Thanks Robbie. When you mean bend the mounting lip...do you mean to push the metal part where the screws go through for mounting inward?

Also, cleaned it well about a week ago with a small vaccum...but most of it is put together with rivets vs screws, so its very difficult to take it apart and oil/clean. Any suggestions?


----------



## rickw (Feb 28, 2009)

I used to push a shim (wedge/splinter of wood) under the lip of the blower on my old Answer where it almost touched the floor. That seemed to mechanically load it somehow to quiet down the rattle. While cleaning it seems like a good idea (it will need it), it didn't really make mine quieter.


----------



## Robbie (Mar 1, 2009)

Yes, bend the lip inward very slight. You might want to gently tap on lip with a hammer while it is laying on the floor.

         All this does is make the frame of blower push more firmly against stove when put back on.

         It does not take much, just a couple taps above each hole. You must remove motor to clean. Use a long bristle brush to sweep the fan blades while vaccuming. Also make small hose adapter to insert inside areas of fan so you can clean all dust out.

         Use duct tape to attach smaller hose to shop vac hose. (old water hose or smaller works well)

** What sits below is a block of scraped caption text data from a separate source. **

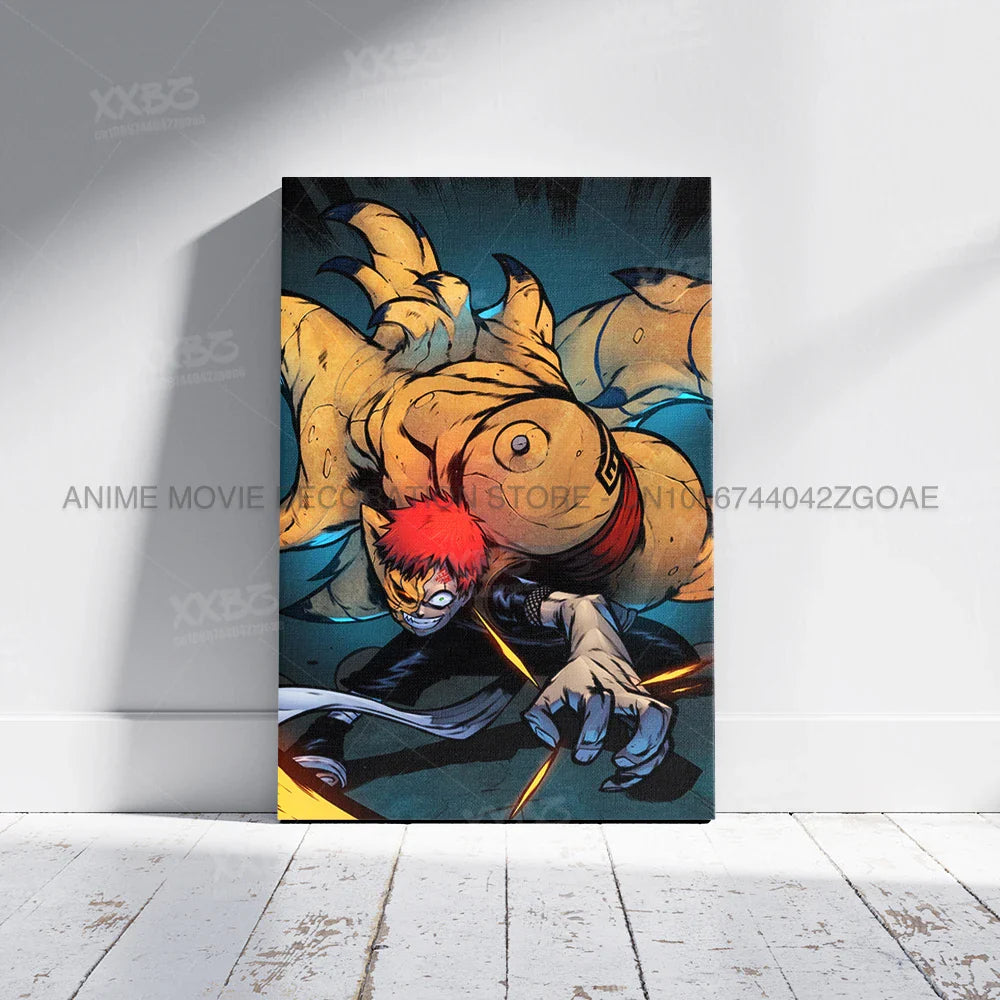 Uzumaki Naruto Home Decor – Uchiha Itachi, Madara &amp; Jiraiya Canvas Wall Art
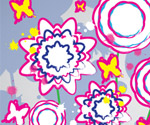 Colorful flowers card brush design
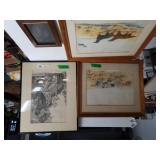 Signed Bird Dog Pictures, Church, Frame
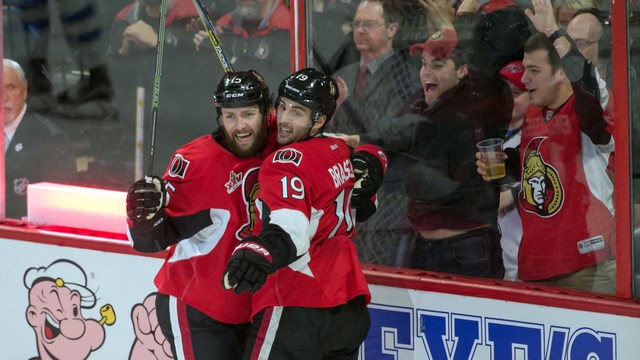 Watch: Brassard buries cross-ice feed from Turris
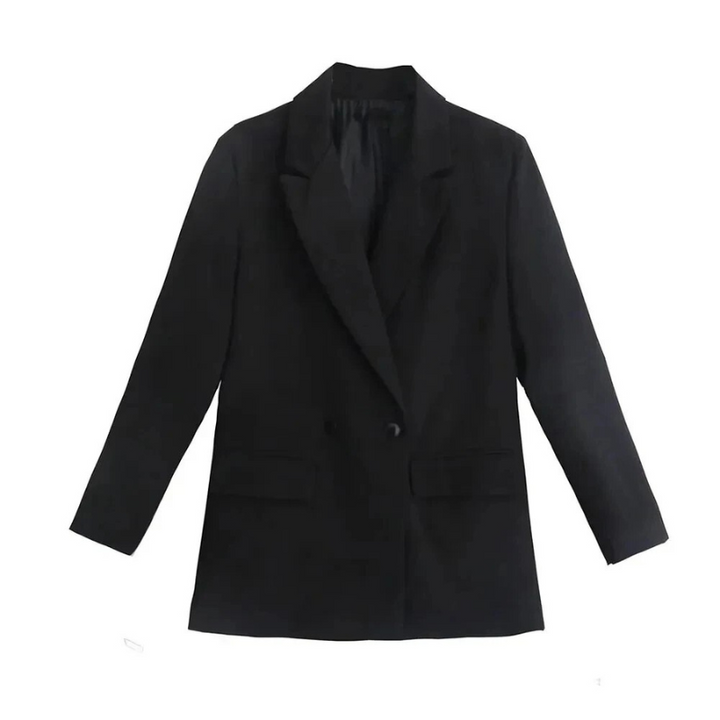 Levoire | Blazer Élégant Pour Femme Avec Boutons Noir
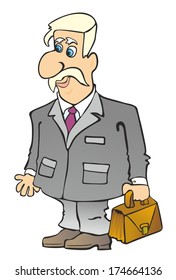 big boss with a briefcase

          Use an oil tube extension (very small like the small red tubes that come with spray cans) to fit in and oil each end of motor bushings.

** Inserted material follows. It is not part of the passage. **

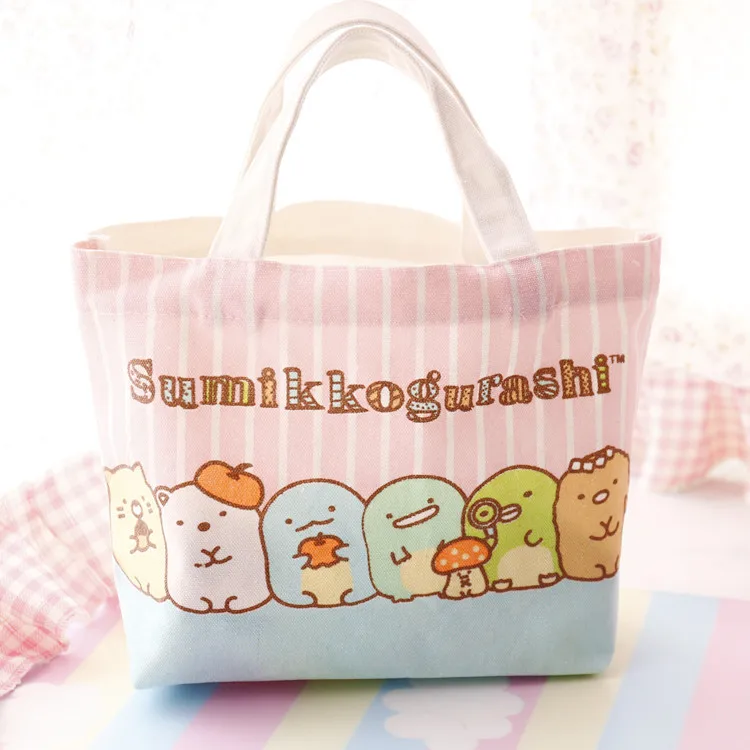 Мультяшный Sumikko Gurashi Игрушки для девочек модные сумки покупок через плечо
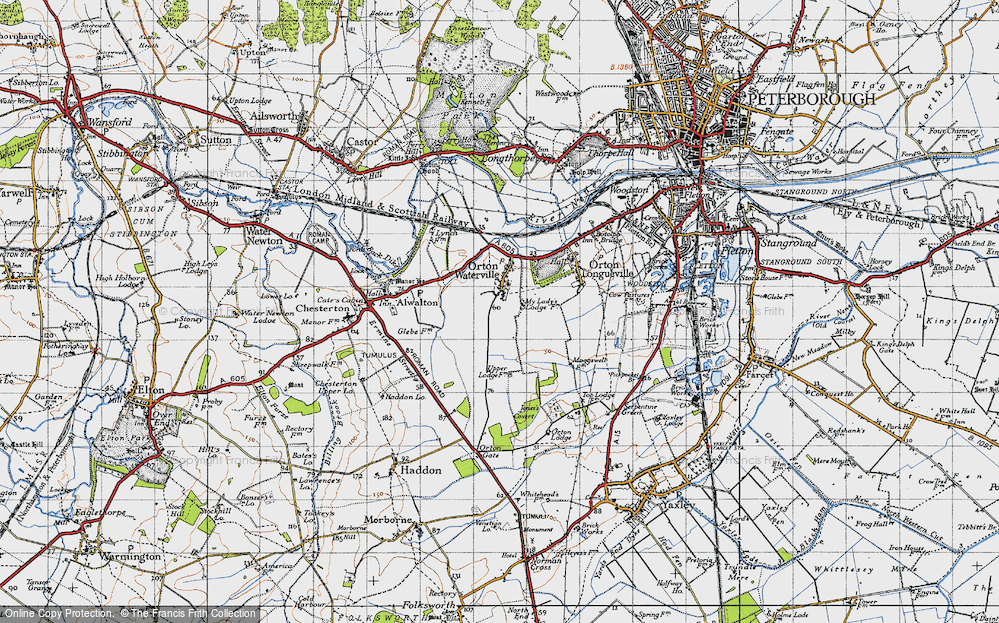 Old Map of Orton Goldhay, 1946 in 1946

          This whole deal takes about 30 minutes to do but is worth it when you get it back on and hear how smooth it runs from low to high.

          Once a season is all it takes. 


           Robbie


----------



## southland (Mar 1, 2009)

Just curious, but why don't you burn the stove overnight?


----------



## begreen (Mar 1, 2009)

Small firebox I would guess. It only will get 3-4 hr burns normally. Maybe 5 in a pinch.


----------



## daveswoodhauler (Mar 2, 2009)

Southland said:
			
		

> Just curious, but why don't you burn the stove overnight?

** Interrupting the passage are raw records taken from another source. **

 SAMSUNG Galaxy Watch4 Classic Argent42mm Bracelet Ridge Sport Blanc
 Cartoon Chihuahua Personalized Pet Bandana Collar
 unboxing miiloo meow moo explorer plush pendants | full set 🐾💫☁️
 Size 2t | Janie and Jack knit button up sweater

Well, with the small firebox, I would need to stay up until 11:30 and get up at 4:00    I need more sleep than that


----------



## rickw (Mar 2, 2009)

Yup, when I was burning with my old Answer it was a very dicey proposition to go overnight. Was usually up at least once to feed it. But, its a happy stove and works fine as long as you're there to load it.


----------